3.7 Structural Characterization Support by Isotope-Labeled Feeding Experiments

1. 1.

   Growth of cultures, organic extraction, and HRMS analysis should be performed as per previous sections (Subheadings 3.1 and 3.2) with few modifications.

2. 2.

   First, make M9 minimal medium to account for labeled compound, which in the example given, are amino acids. In place of casamino acids, individually add the l-amino acid composition at 5 g/L total concentration as follows: 3.6 % Arg, 21.1 % Glu, 2.7 % His, 5.6 % Ile, 8.4 % Leu, 7.5 % Lys, 4.6 % Phe, 9.9 % Pro, 4.2 % Thr, 1.1 % Trp, 6.1 % Tyr, 5 % Val, 4 % Asn, 4 % Ala, 4 % Met, 4 % Gly, 4 % Cys, and 4 % Ser.
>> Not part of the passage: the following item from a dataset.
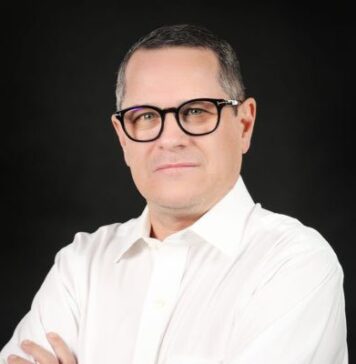 Eduard Hellvig, la împlinirea a 50 de ani: Sunt dator să inventez lucruri cu adevărat controversate. Cum ar fi, spre exemplu, să dansez frenetic pe TikTok sau să susțin vreunul dintre candidați. Cum după 50 de ani medicul recomandă moderație, mă feresc și de una și de alta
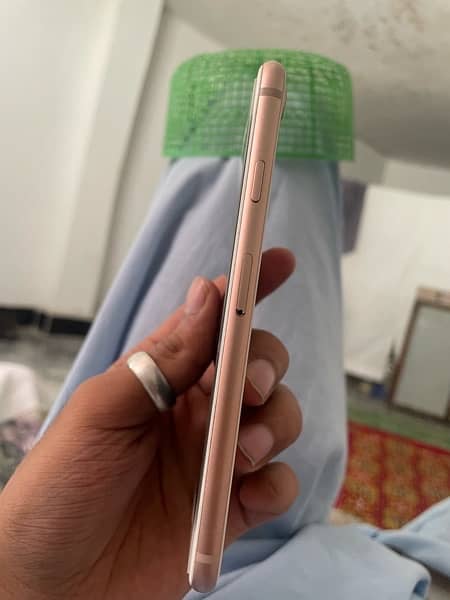 IPhone 8 golden 10/10 non pta  only WhatsApp contact 03400039441 2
Use this media for control cultures.

3. 3.

   To incorporate isotopically labeled (¹³C/¹⁵N/²H) amino acids into products from NRPS -PKS pathways, modify above media by adding the isotope-labeled amino acid at a specific ratio for a given strain.

   1. (a)

      For E. coli heterologous expression, auxotrophic strain variants can be used by transforming the expression plasmid or bacterial artificial chromosome containing the gene cluster of interest into the appropriate mutant strain (see Note 36 ). Growth media should then be supplemented with a 1:1 (¹²C:¹³C) ratio of nonlabeled/labeled amino acid. For example, add 2 % Cys and 2 % l-[U-¹³C]-Cys.

   2. (b)

      If an auxotrophic variant is not available, supplement growth media with a 100 % labeled amino acid (e.g., 4 % l-[U-¹³C]-Cys).

4. 4.

   Grow three 5 mL biological replicates per strain using the same growth conditions defined in Subheading 3.1.

5. 5.

   After 48 h (or designated time point), remove cultures and extract with ethyl acetate. Dry organic layer as described above, then resuspend in 2.5 mL methanol (see Note 37 ), and analyze 3–5 μL by LC-Q-TOF-HRMS (as detailed in Subheading 3.2) scanning from m/z 25 to 1700.

6. 6.

   Determine incorporation of labeled amino acid (or other compound) by examining the unique molecular features acquired from MPP.

7. 7.

   Repeat-labeled feeding experiment in triplicate with only the labeled amino acid (e.g., 4 % l-[U-¹³C]-Cys) to confirm dose-dependent incorporation.

8. 8.

   Label mass spectral molecular network to represent incorporation of labeled compound (e.g., l-[U-¹³C]-Cys incorporation) (Fig. 6b).